Der Anruf kam gegen zwanzig Uhr. Ernst Theodor zu Falkenstein war in seinem alten, braunen Ledersessel im Büro kurz eingenickt und zuckte erschrocken zusammen. Er nahm den Hörer ab und räusperte sich.

„Ja? Zu Falkenstein?“

Die Stimme am anderen Ende zögerte etwas.

„Sind Sie mein Ansprechpartner?“

„Was wollen Sie?“

„Ein Anwalt gab mir Ihre Telefonnummer. Sie wollen etwas von mir.“

Falkenstein war nun hellwach.

„Ja, ja. Sicher. Können Sie es tun?“

„Ja. Was zahlen Sie?“

„Was verlangen Sie? Der Anwalt sagte etwas von dreißigtausend. Aber es kann auch mehr sein.“

Der Chef presste die Lippen aufeinander. War der Mann wirklich so dumm oder war das eine Falle?

Er musste sicher gehen, bevor er sich auf ein Geschäft einlassen konnte.

„Es ist etwas mehr. Wir müssen uns treffen.“

„Warum?“

„Ich möchte sichergehen. Wir müssen über Details reden, aber nicht am Telefon.“

„Mein Telefon wird nicht abgehört!“

„Das mag sein. Aber meines ist eventuell nicht ganz sauber. Treffen wir uns in zwei Stunden am Haupteingang Hauptbahnhof, Frankfurt am Main.“

„Gut. Wie erkenne ich Sie?“

„Ich werde Sie erkennen. Haben Sie einen roten Schal?“

„Ja, ich denke schon.“

„Gut. Binden Sie ihn so, dass die beiden Enden am Rücken herunterhängen. Wenn mir etwas komisch vorkommt, verschwinde ich. Was haben Sie an Bargeld zu Hause?“

„Etwa zehntausend.“

„Das reicht nicht. Besorgen Sie mehr. Fünfzigtausend sind notwendig. Ich habe Ausgaben.“

„Sie brauchen sich nicht zu rechtfertigen. Morgen kann ich das Geld besorgen.“

„Gut. Also in einer Stunde.“

Der Chef pfiff leise durch die Zähne. Hatte er also richtig vermutet. Der Anwalt wollte ihn mit dreißigtausend abspeisen. Doch hier konnte er mindestens zwanzig mehr herausholen.
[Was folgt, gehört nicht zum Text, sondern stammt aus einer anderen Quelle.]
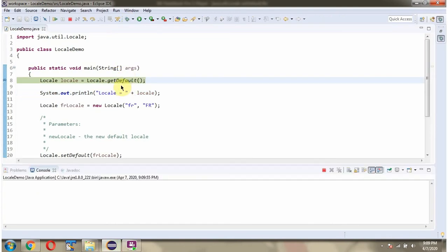Here I am calling getDefault method of Locale class. This method returns the default locale.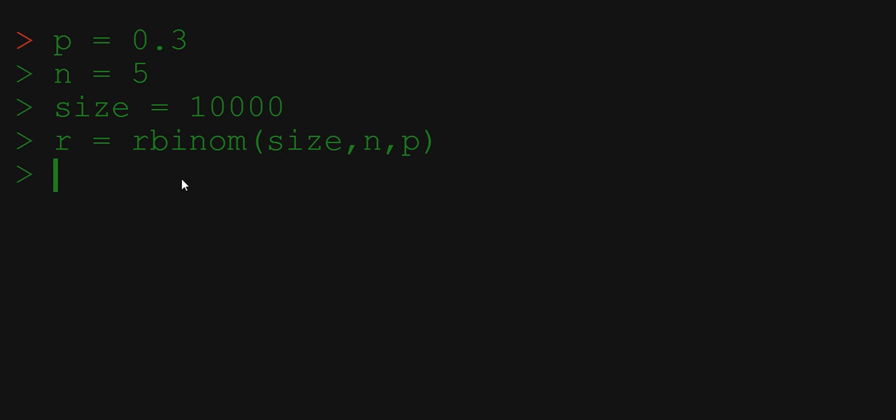What we want to do now is count the number of occurrences of each of the possible results, and then we will compare it to the theoretical probability of getting each of those results. Let's first generate this vector of possible results.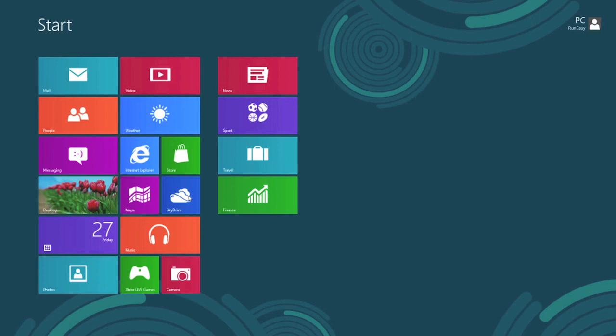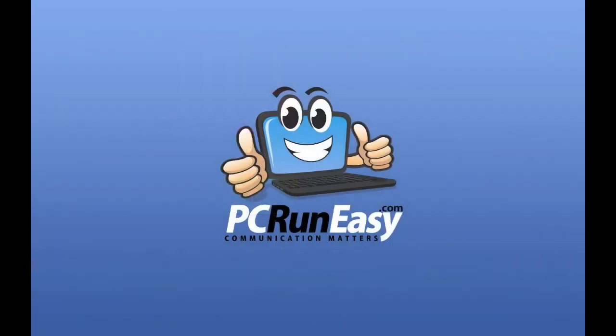I've been Adam and this is a tutorial from PC Run Easy. Thank you. If you like it, please rate, subscribe, and comment. Thank you so much.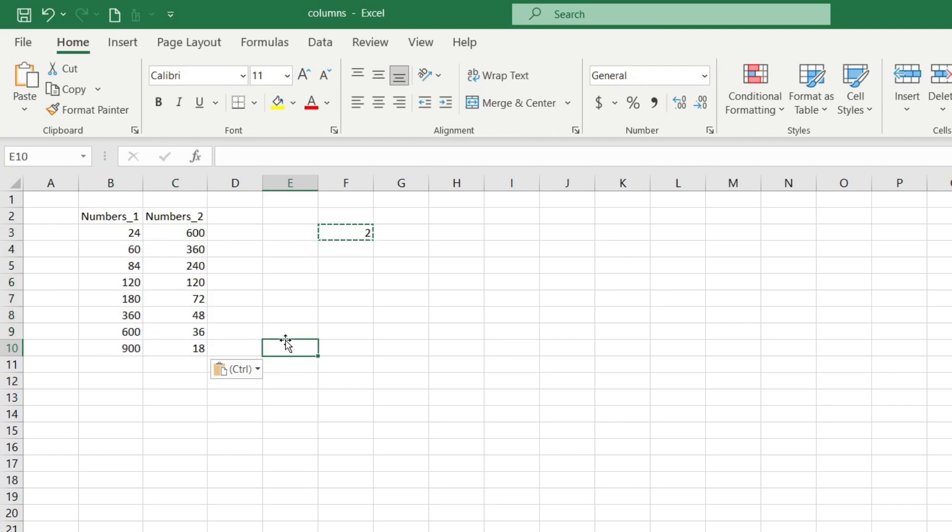As you can see this algorithm can be applied to any number of columns or rows, thereby simplifying your work.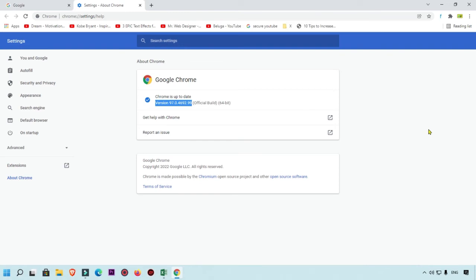When you open these settings, your Google Chrome will automatically update. So by this way, you can check and update your Google Chrome browser.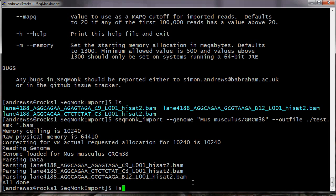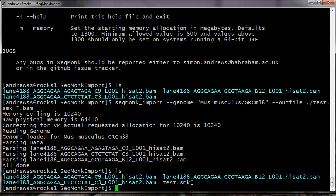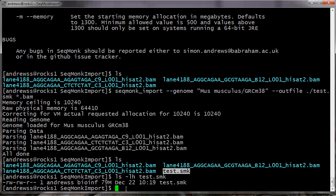If I look in the folder, I should now also see that my SeqMonk project file has been created, and that file is now relatively small, so even from these three BAM files, it's only a 79MB file that I need to transfer to my local machine to actually be able to work with it. These are very small BAM files anyway, but this will be much more compact than the size of the total files.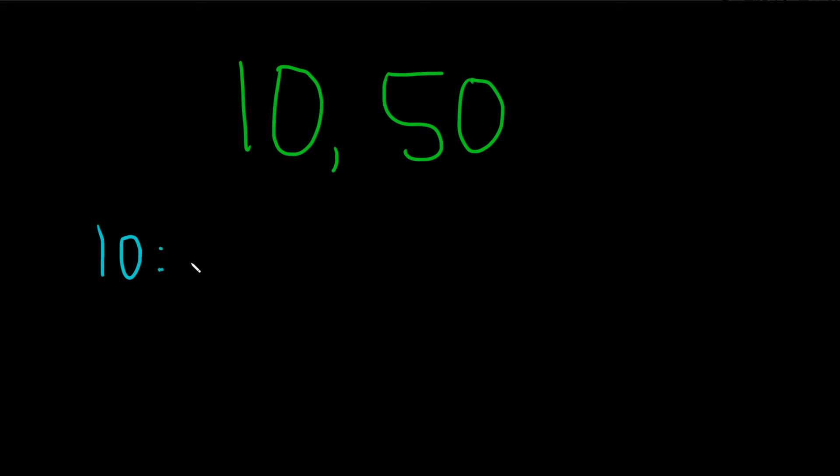So 1 is a factor of 10, or a divisor of 10. 2, that goes into 10 evenly, right? 2 goes into 10 five times. 5 is another factor of 10. And then 10. These are all the factors of 10, all the numbers that go evenly into 10.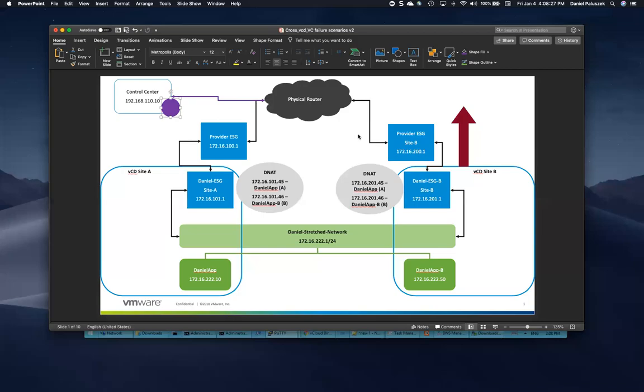Hey, everybody. Video four of our vCloud Director 9.5 cross VDC series showing some of the functionality with cross VDC networking.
Als Ernst Theodor zu Falkenstein den Haupteingang des Bahnhofs erreicht hatte, war er zu spät. Die ausgemachte Zeit war mit vierzig Minuten überschritten. Es war nur mit Mühe ein Parkplatz zu finden gewesen. Nun stand er unschlüssig vor dem halbrunden, mit Sandstein gemauerten Eingangsbogen der Haupttüre. Dann ging er auf und ab und befürchtete, dass sein Gesprächspartner wieder verschwunden sei.

Doch er wurde beobachtet.

Nach einer weiteren Viertelstunde wollte Falkenstein aufgeben und wieder nach Hause fahren. Er zuckte mit der Schulter und trat auf den Gehweg.

Der Chef, der ihn nicht aus den Augen ließ, instruierte seinen Mann fürs Grobe.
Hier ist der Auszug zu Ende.